500 Orange marches held across the North passed without incident over the Twelfth – 2,500 loyal order parades during the year

THE “nakedly sectarian strand within Orangeism” exposed during this year’s bonfire celebrations of the Battle of the Boyne must be confronted and challenged by the leaderships of the loyal orders, political unionism and civic society, Sinn Féin leader Gerry Adams has said.

The former MP for West Belfast was speaking after an effigy of the late Martin McGuinness was burned on an Eleventh Night bonfire. Other bonfires saw the burning of the images of Sinn Féin, SDLP and Alliance Party candidates along with Irish national flags, GAA banners, and racist and sectarian slogans.

Twelfth 2017 Eleventh Night bonfire with racism re Celtic

Racist banner targets Glasgow Celtic’s Scott Sinclair

The Orange Order protests that it does not organise or control these bonfires but it does defend them as an expression of unionist culture.

“I am sure the vast majority of unionists, including members of the Orange, are appalled at the aggression and sectarianism around some bonfires,” Gerry Adams said.

“They know that there can be no place in our society for sectarianism, bigotry, racism or incitement to hatred.”

Unionist leaders, he said, need to clearly and publicly challenge those who are reducing Orange celebrations to a “hate-fest”.
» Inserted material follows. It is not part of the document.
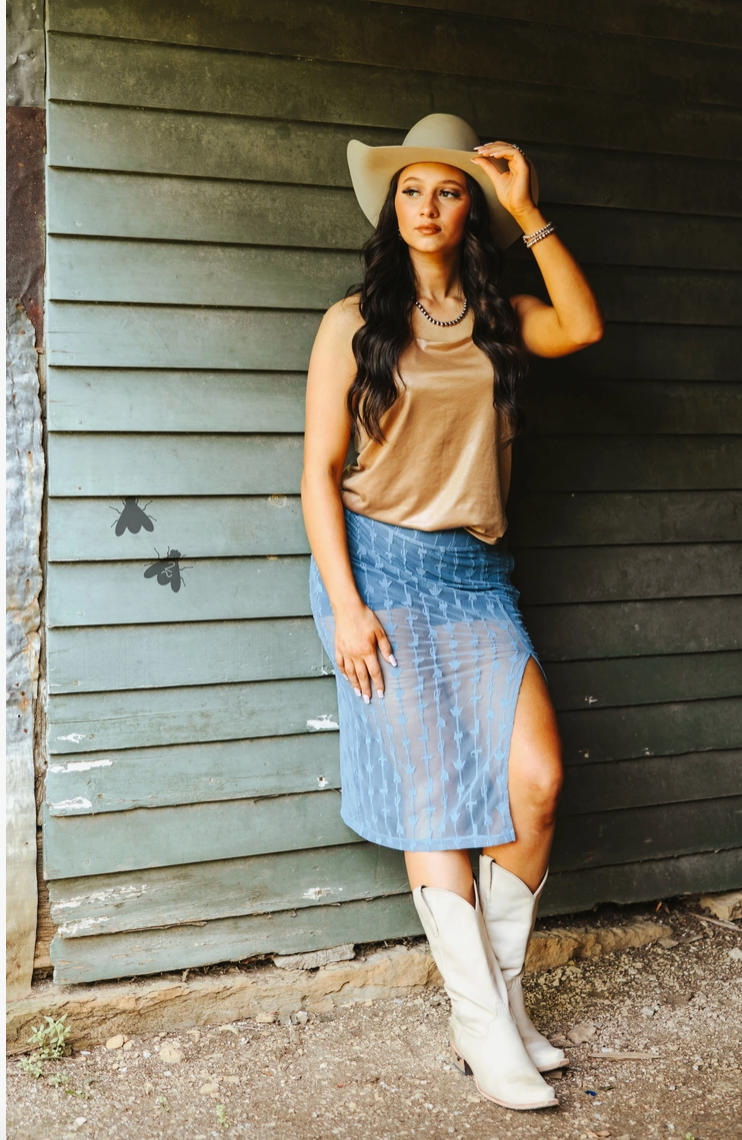 Western Mesh Skirt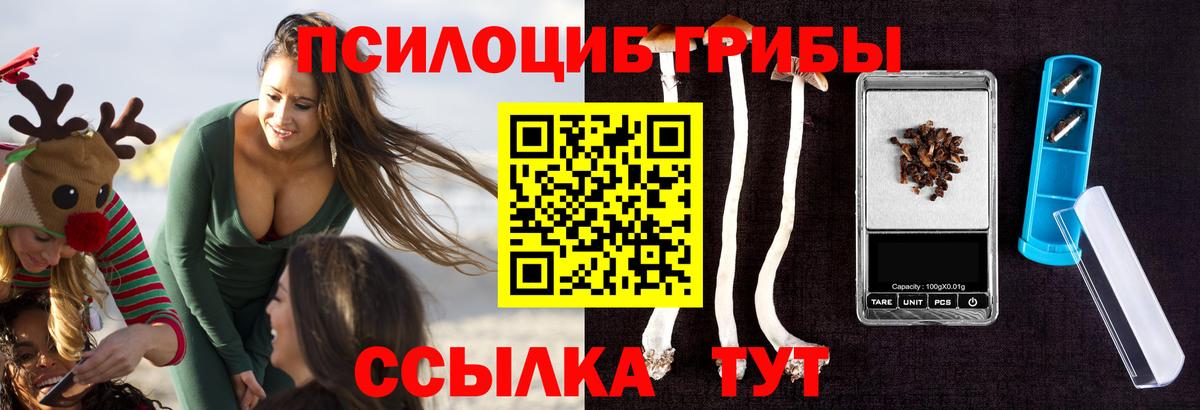 Псилоцибиновые грибы Psilocybe Старый Оскол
Pointing out that there were more than 500 Orange marches held across the North without incident over the Twelfth and there would 2,500 loyal order parades during the year, the Louth TD added:

“Each of these was an opportunity for the loyal orders to express their sense of culture and identity, to fly the Union flag, and to march and play their music. All passed off without incident and peacefully.”

OO with Martin McGuinness

Martin McGuinness meets with representatives of the Orange Order at the Balmoral Show in 2015

The Sinn Féin leader dismissed claims by unionist political leaders and others of a so-called ‘cultural war’ by republicans against the Orange tradition.

“Orange is one of our national colours,” he said.

“Irish republicans accept the right of the loyal orders to parade and to promote their sense of identity. However, this has to be on the basis of respect and tolerance for other opinions and identities.”

The Sinn Féin leader said there can be no return to the status quo at Stormont following any negotiations in the autumn.

“The crisis in the institutions is about rights,” he said. “It’s about equality. It’s about agreement on how these rights are going to be delivered and protected. That’s the only way to get the institutions back in place.

“It’s also the only way to address the deep-seated problem of sectarianism in society in the North.”